## EXERCISE PROMPT:
Print the listing below verbatim, passing over each picture.
======== MATERIAL PROVIDED
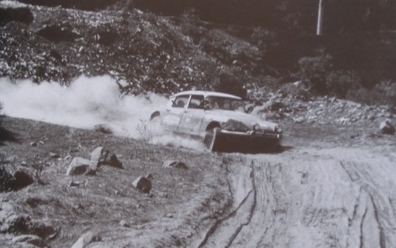 Claudine Trautmann-Bouchet - Colette Perrier
Daily Mirror London-Mexico World Cup Rally 1970. Citröen DS21.
Abandonaron en Costa Rica, pero se re-engancho para poder ayudar al equipo Citröen.

Del 19 de Abril al 27 de Mayo, Londres - Mexico.
Superficie: tierra - asfalto.

ITINERARIO:
Reino Unido, Francia, Alemania Occidental, Austria, Hungría, Yugoslavia, Bulgaria, regreso a Yugoslavia, Italia, Sur de Francia, España, Portugal.
REINICIO:
Brasil, Uruguay, Argentina, Chile, regreso a Argentina, Bolivia, Perú, Ecuador, Colombia, Panamá, Costa Rica, Nicaragua, Honduras, El Salvador, Guatemala y México.

La prueba constaba de 29 tramos especiales con un total de 25.750.00 km incluyendo los tramos de enlace.

Tomaron la salida 96 equipos, finalizaron 26.
@
Palabras clave: Londres-Mexico;Citroen;DS21;1970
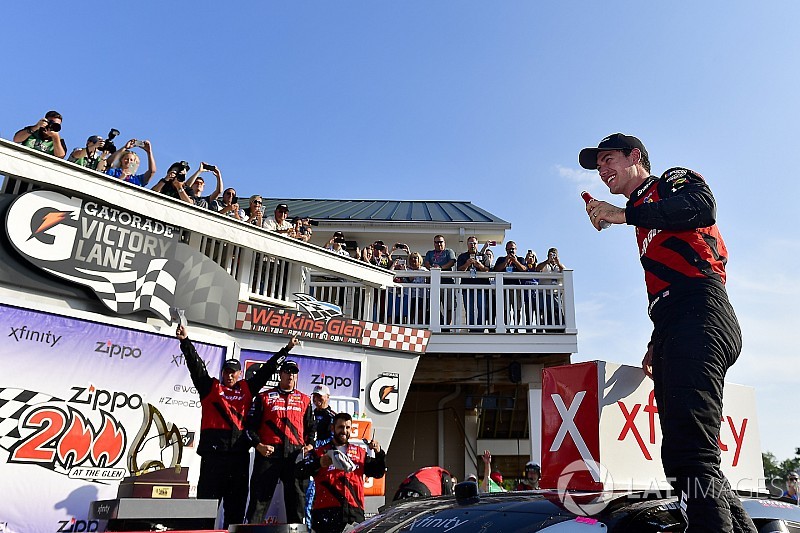 Logano vence a Keselowski en la Xfinity en Watkins Glen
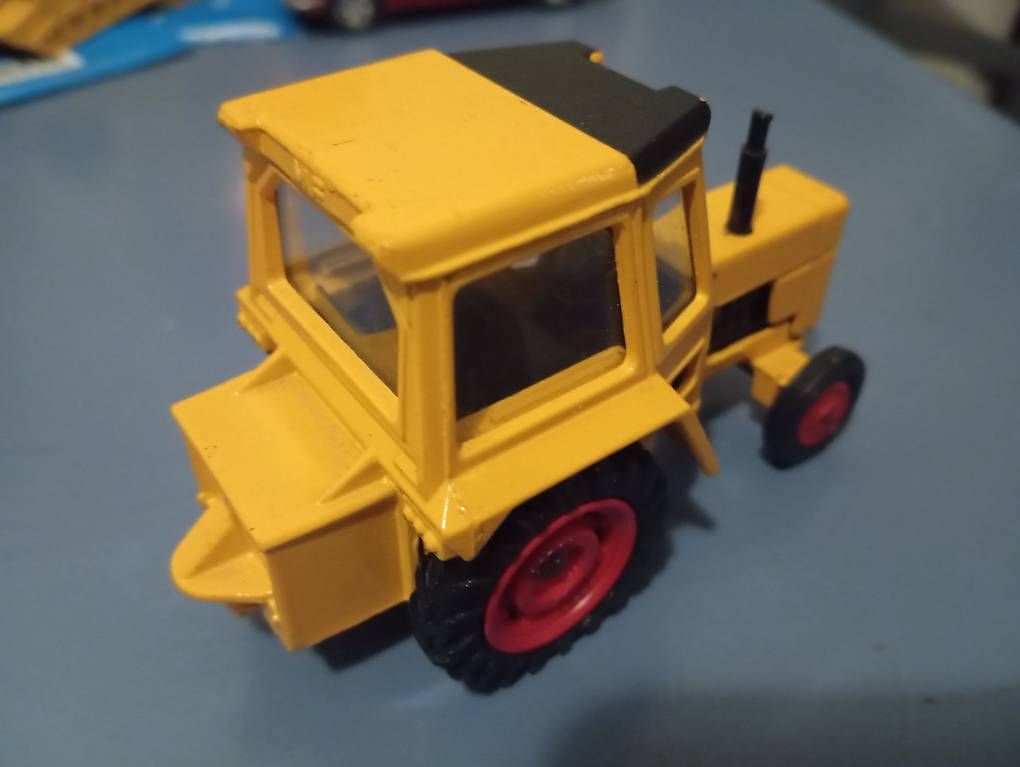 Trattori: Traktor – Usato da Basel venduto da Petergunn 1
================
## RESPONSE BOX:
 Claudine Trautmann-Bouchet - Colette Perrier
Daily Mirror London-Mexico World Cup Rally 1970. Citröen DS21.
Abandonaron en Costa Rica, pero se re-engancho para poder ayudar al equipo Citröen.

Del 19 de Abril al 27 de Mayo, Londres - Mexico.
Superficie: tierra - asfalto.

ITINERARIO:
Reino Unido, Francia, Alemania Occidental, Austria, Hungría, Yugoslavia, Bulgaria, regreso a Yugoslavia, Italia, Sur de Francia, España, Portugal.
REINICIO:
Brasil, Uruguay, Argentina, Chile, regreso a Argentina, Bolivia, Perú, Ecuador, Colombia, Panamá, Costa Rica, Nicaragua, Honduras, El Salvador, Guatemala y México.

La prueba constaba de 29 tramos especiales con un total de 25.750.00 km incluyendo los tramos de enlace.

Tomaron la salida 96 equipos, finalizaron 26.
@
Palabras clave: Londres-Mexico;Citroen;DS21;1970
 Logano vence a Keselowski en la Xfinity en Watkins Glen
 Trattori: Traktor – Usato da Basel venduto da Petergunn 1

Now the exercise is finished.